* _WHAT THIS TASK INVOLVES_: For the material below, the expected output is exactly the lines between the line holding "That is the" and the line holding "Before we hop", inclusive, with pictures left out.

*** MATERIAL TO PROCESS Section Begins ***

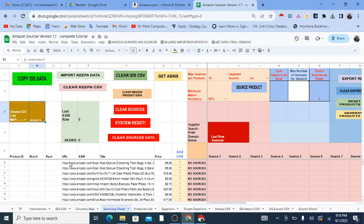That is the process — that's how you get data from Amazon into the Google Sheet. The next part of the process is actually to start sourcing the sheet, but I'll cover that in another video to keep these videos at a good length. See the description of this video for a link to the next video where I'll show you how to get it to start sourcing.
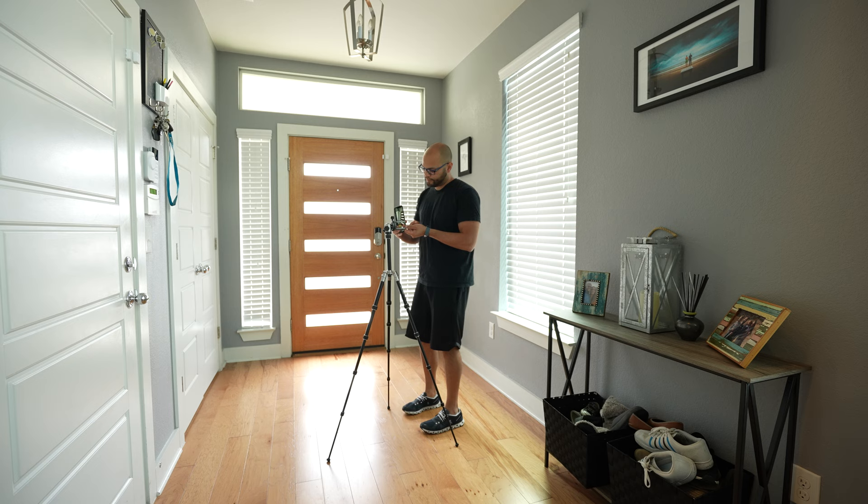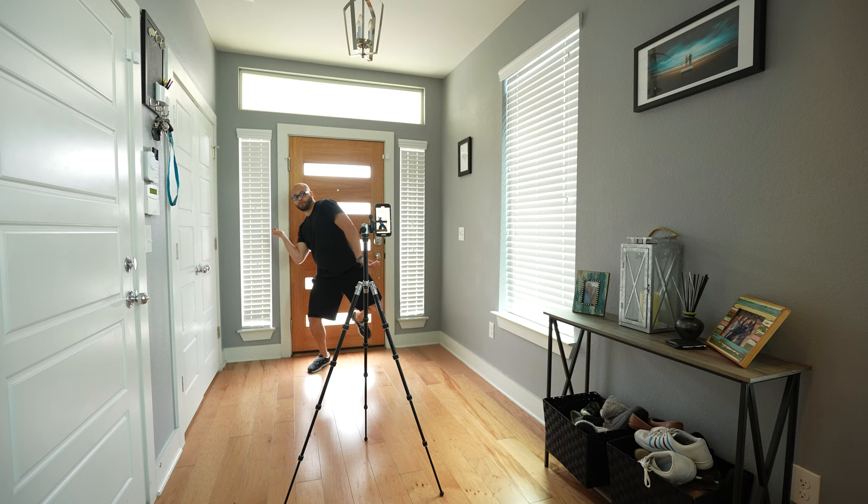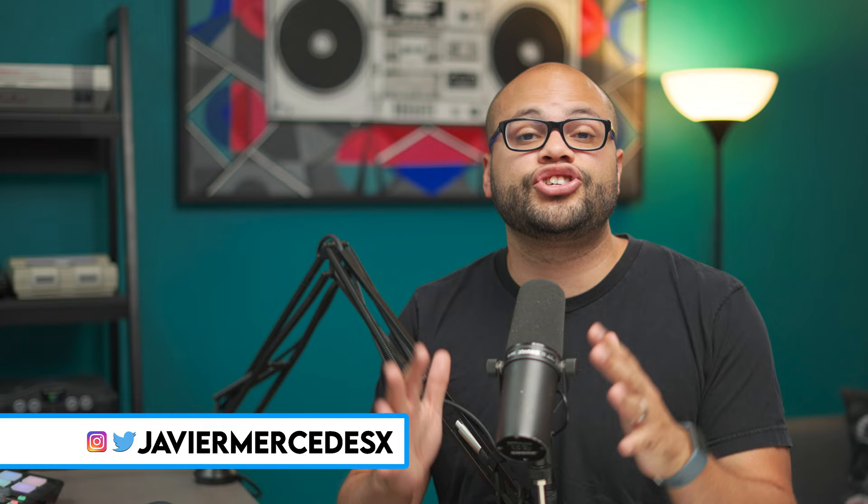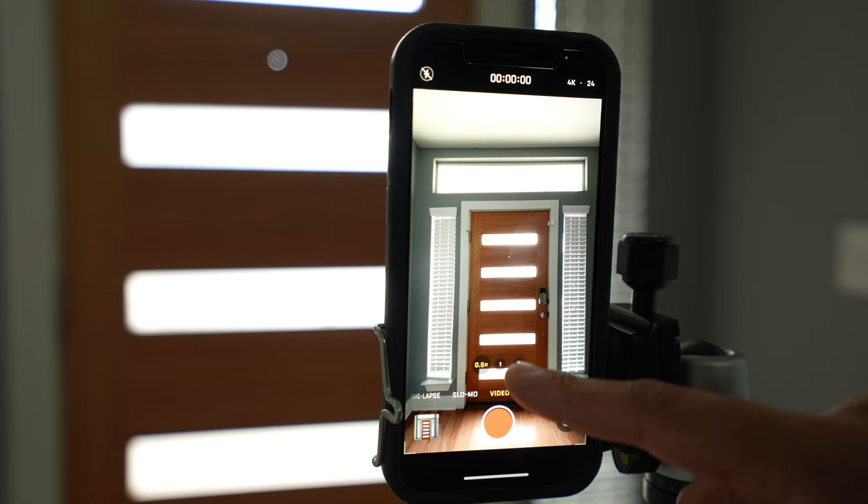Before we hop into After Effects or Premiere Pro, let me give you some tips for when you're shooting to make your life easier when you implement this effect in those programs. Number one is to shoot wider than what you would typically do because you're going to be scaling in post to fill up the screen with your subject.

*** MATERIAL TO PROCESS Section Ends ***
*** MATERIAL TO PROCESS Section Begins ***

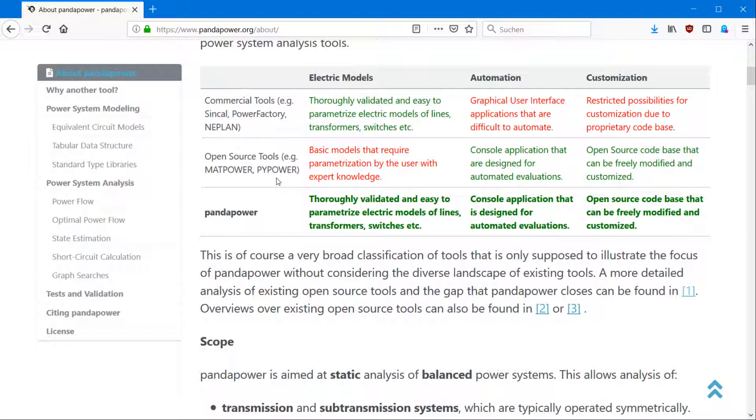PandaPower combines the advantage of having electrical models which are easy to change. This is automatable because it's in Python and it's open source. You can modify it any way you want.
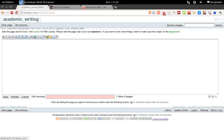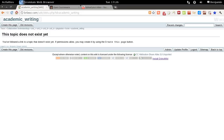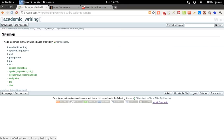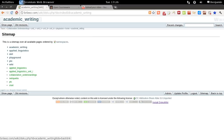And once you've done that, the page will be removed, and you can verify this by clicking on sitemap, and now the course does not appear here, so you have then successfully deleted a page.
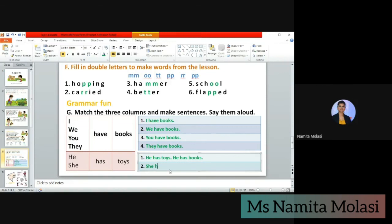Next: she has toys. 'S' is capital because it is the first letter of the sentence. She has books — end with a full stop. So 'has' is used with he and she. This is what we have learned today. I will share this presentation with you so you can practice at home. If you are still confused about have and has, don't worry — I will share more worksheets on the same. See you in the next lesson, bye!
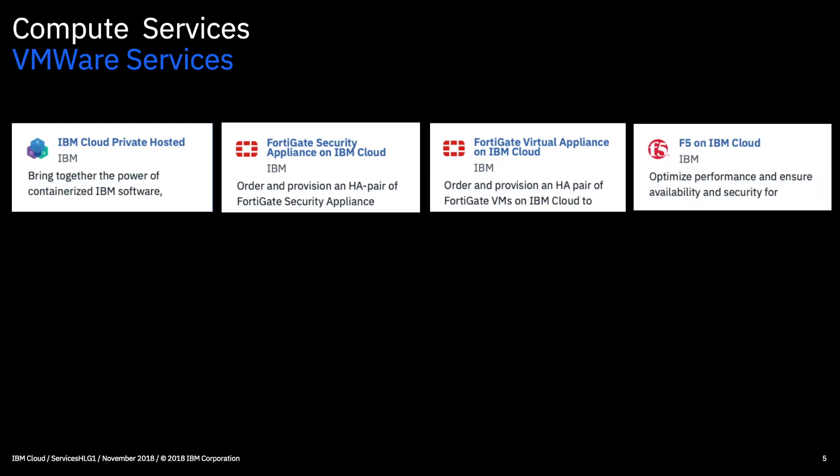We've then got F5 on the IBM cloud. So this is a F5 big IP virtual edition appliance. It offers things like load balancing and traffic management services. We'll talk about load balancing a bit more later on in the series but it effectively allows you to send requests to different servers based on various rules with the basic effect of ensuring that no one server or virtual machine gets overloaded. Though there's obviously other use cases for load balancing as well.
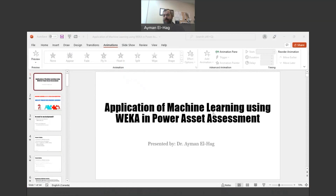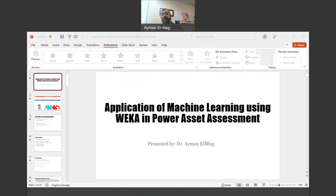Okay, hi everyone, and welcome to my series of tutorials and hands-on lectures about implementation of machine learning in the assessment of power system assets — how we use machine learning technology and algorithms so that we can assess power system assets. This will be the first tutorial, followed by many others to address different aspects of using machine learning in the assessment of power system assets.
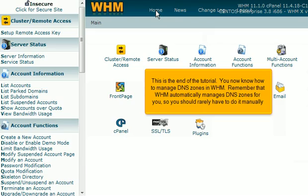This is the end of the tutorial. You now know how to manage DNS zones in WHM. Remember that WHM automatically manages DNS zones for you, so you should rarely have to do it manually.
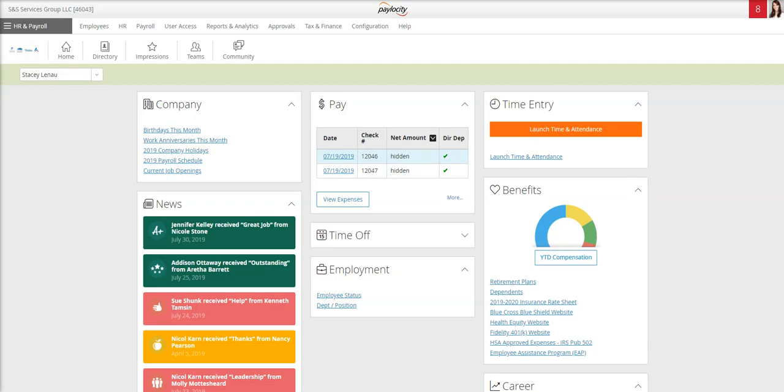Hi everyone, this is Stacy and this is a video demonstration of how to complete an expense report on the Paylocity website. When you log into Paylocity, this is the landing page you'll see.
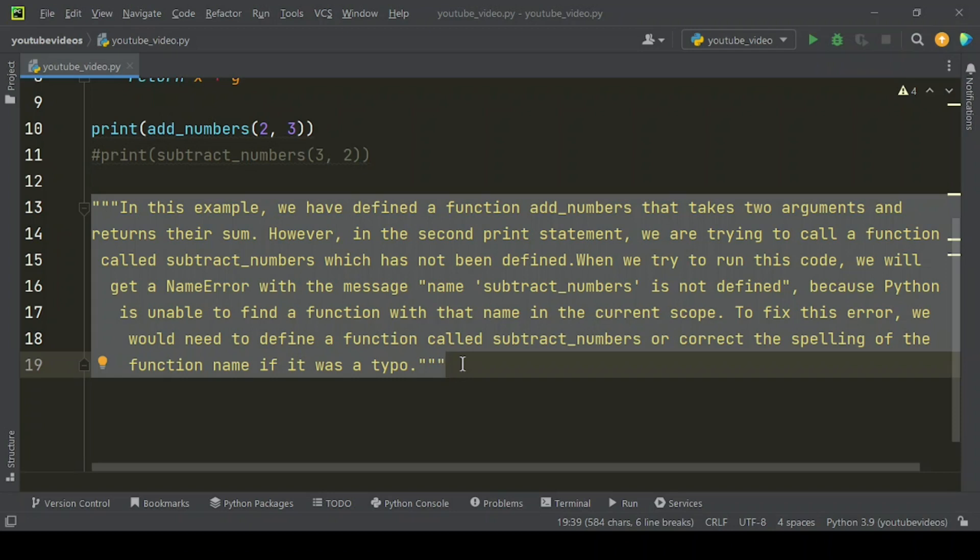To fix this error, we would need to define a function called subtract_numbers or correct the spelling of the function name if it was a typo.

*** MATERIAL TO PROCESS Section Ends ***

* _WRITTEN SOLUTION_:
That is the process — that's how you get data from Amazon into the Google Sheet. The next part of the process is actually to start sourcing the sheet, but I'll cover that in another video to keep these videos at a good length. See the description of this video for a link to the next video where I'll show you how to get it to start sourcing.
Before we hop into After Effects or Premiere Pro, let me give you some tips for when you're shooting to make your life easier when you implement this effect in those programs. Number one is to shoot wider than what you would typically do because you're going to be scaling in post to fill up the screen with your subject.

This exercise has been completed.